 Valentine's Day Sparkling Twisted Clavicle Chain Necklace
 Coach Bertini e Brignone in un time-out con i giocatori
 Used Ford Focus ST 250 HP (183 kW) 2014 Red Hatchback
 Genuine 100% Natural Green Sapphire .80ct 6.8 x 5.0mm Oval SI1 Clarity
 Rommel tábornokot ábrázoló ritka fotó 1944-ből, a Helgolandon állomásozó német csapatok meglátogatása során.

****************************************

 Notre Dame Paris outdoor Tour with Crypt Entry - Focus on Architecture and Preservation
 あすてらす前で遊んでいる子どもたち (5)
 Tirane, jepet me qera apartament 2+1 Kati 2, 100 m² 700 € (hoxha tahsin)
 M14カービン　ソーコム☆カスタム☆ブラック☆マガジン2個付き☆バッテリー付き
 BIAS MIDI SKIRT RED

****************************************

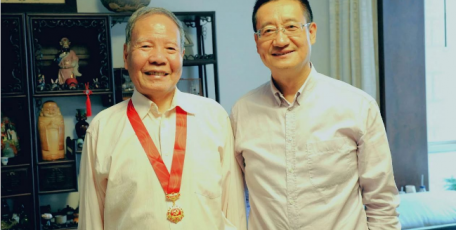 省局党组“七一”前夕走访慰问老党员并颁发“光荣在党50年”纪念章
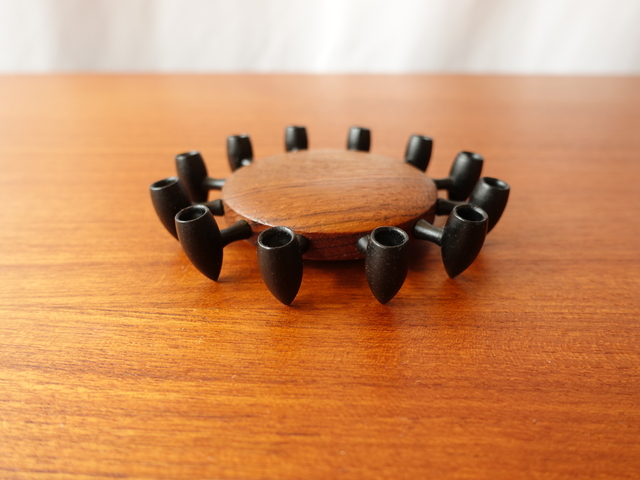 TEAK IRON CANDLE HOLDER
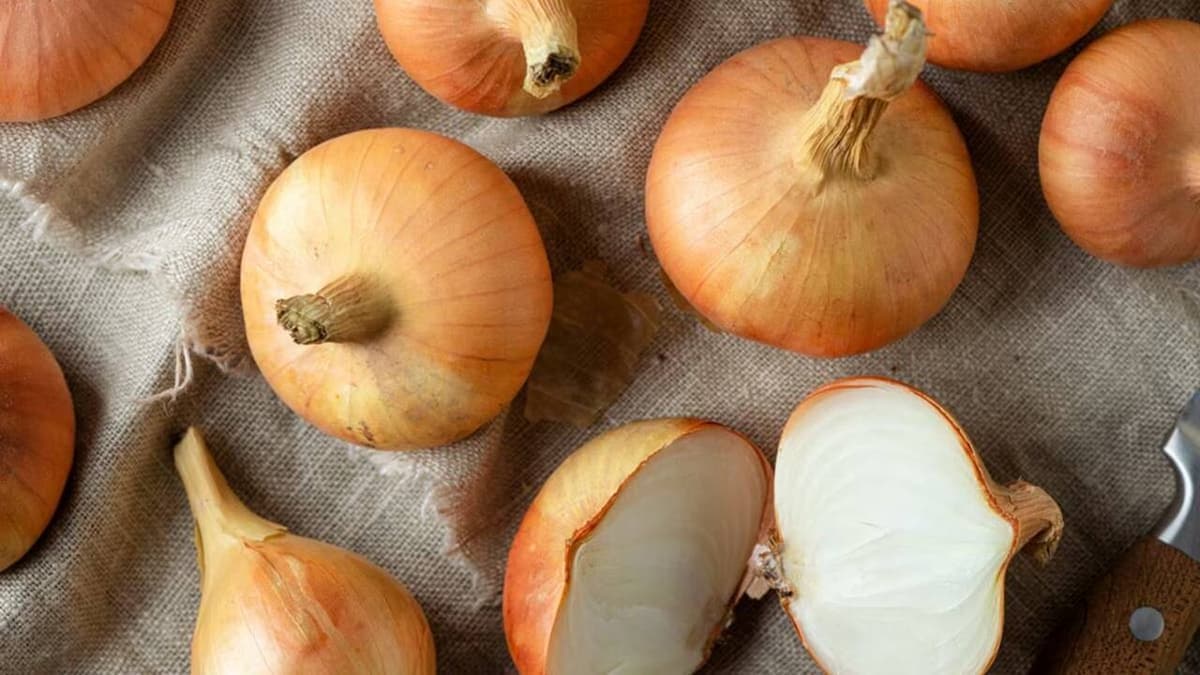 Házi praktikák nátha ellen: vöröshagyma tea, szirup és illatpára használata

****************************************

▶ _Work to complete_: Which lines run from the one holding "あすてらす前で遊んでいる子どもたち (5)" through the one holding "BIAS MIDI SKIRT RED" in the records above? Repeat them exactly, both included, and nothing more.

▶ _Answer section_:
 あすてらす前で遊んでいる子どもたち (5)
 Tirane, jepet me qera apartament 2+1 Kati 2, 100 m² 700 € (hoxha tahsin)
 M14カービン　ソーコム☆カスタム☆ブラック☆マガジン2個付き☆バッテリー付き
 BIAS MIDI SKIRT RED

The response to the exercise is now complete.